Striving for digital inclusivity

Rearchitecting his infrastructure may have started from allowing students and staff to work from home, but it also pushed the university to analyse its on-site facilities and the digital divide among students.

Wantling explains that the majority of university students live five miles off the campus, and that Salford itself has some deprived areas. With a recognition that students would be better equipped if they had their own devices, the University of Salford CIO dipped into his surplus hardware budget to help address the problem.

“I’ve got around half a million pounds a year to spend on refreshing hardware on campus. And using Dynamics 365, which we use for our CRM implementation, I built a portal where students could apply to a technology fund. If a student met a certain criteria, out of my budget, I gave them a 300-pound voucher to order a device with our hardware supplier.”

The remote learning boom also saw him collaborate with facilities on reallocating space in under-utilised university cafes and other areas, something Wantling puts down to his background in relationship management and his growing influence as a CIO. But this isn’t to say that he believes that the job is done.

“We’ve got a long journey to go to improve our cybersecurity posture and our security. We’ve got our risk appetite and our current level of risk doesn’t fall within that appetite,” Wantling says, adding that a priority over the next 18 to 24 months will be to improve security so that he’s not worried about it all the time.

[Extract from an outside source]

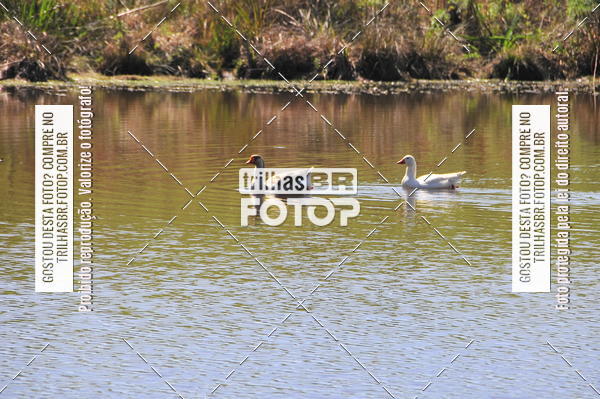 Buy your photos of the eventCross Duathon Soul on Fotop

“For the transformation side, we’ve spent the last three years developing this digital transformation, and we’ve been pushing to deliver it. The last 12 months has demonstrated the pace and agility we can move at, so my aspirations are to maintain that pace and agility, without something like a global pandemic being the motivating factor behind it.

“We’ve proven how quickly we can move. And when we move at pace, we can still deliver high-quality solutions that meet our increasing customer expectations.”